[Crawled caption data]
[Start of Attachment]

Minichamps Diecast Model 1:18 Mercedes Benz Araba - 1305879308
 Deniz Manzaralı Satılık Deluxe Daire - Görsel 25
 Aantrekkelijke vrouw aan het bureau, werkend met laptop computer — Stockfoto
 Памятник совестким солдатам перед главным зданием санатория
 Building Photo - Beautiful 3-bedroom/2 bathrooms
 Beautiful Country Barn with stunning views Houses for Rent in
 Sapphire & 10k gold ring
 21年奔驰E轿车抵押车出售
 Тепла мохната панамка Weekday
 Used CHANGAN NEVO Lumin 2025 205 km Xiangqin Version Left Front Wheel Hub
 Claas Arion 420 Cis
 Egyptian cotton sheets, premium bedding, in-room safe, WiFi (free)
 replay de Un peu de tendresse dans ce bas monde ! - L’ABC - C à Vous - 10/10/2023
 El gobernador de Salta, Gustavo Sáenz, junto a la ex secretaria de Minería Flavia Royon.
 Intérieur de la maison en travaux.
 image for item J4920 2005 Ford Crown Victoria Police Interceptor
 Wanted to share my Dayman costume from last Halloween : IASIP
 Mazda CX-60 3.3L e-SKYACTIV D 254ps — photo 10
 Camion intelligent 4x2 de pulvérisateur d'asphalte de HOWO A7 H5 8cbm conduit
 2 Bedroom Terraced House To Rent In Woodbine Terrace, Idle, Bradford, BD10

[End of Attachment]

-- Work to be completed --
All lines above holding the word "Rent" make up the answer; copy each one.

-- Answer space --
 Beautiful Country Barn with stunning views Houses for Rent in
 2 Bedroom Terraced House To Rent In Woodbine Terrace, Idle, Bradford, BD10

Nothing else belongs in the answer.